* Directions for this task: Start at the line with "Katarzyna Szmit: Z" in the records below, stop at the line with "Hair icon | UPart Wig Human Hair Body Wave", and return every line in that span exactly, the two end lines included.

* Dataset entries:
····················
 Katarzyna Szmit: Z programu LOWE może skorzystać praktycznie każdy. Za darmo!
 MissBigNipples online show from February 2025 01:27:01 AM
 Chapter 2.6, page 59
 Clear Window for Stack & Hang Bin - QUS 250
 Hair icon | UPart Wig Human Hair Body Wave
····················
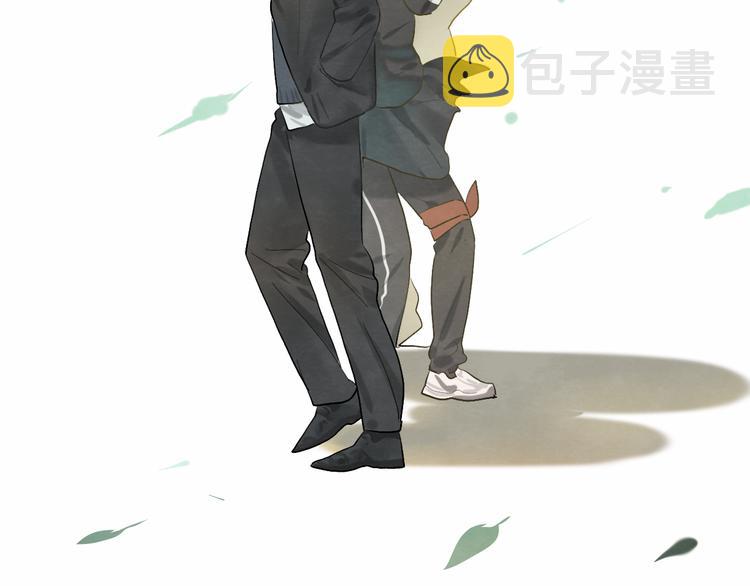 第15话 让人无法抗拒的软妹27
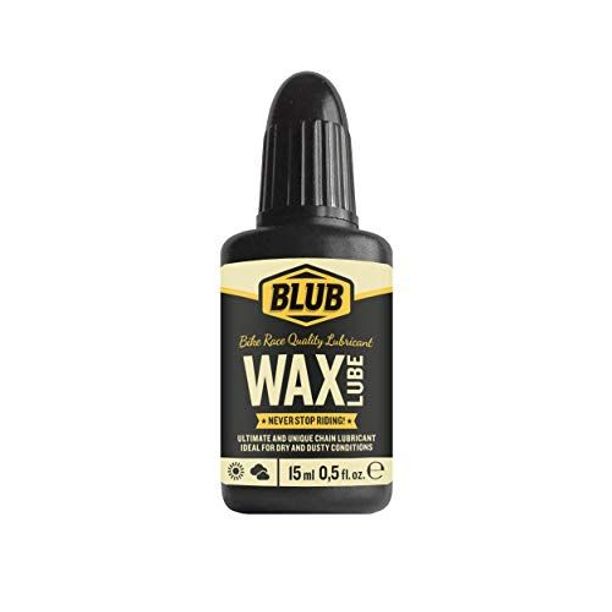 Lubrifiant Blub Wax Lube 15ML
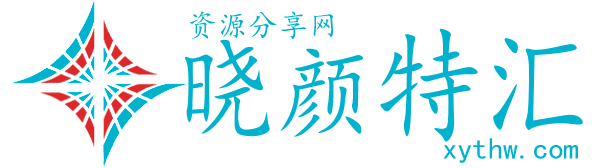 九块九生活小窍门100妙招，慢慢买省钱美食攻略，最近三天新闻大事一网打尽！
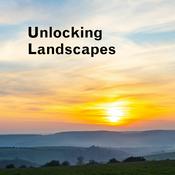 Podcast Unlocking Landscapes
····················
* Task solution:
 Katarzyna Szmit: Z programu LOWE może skorzystać praktycznie każdy. Za darmo!
 MissBigNipples online show from February 2025 01:27:01 AM
 Chapter 2.6, page 59
 Clear Window for Stack & Hang Bin - QUS 250
 Hair icon | UPart Wig Human Hair Body Wave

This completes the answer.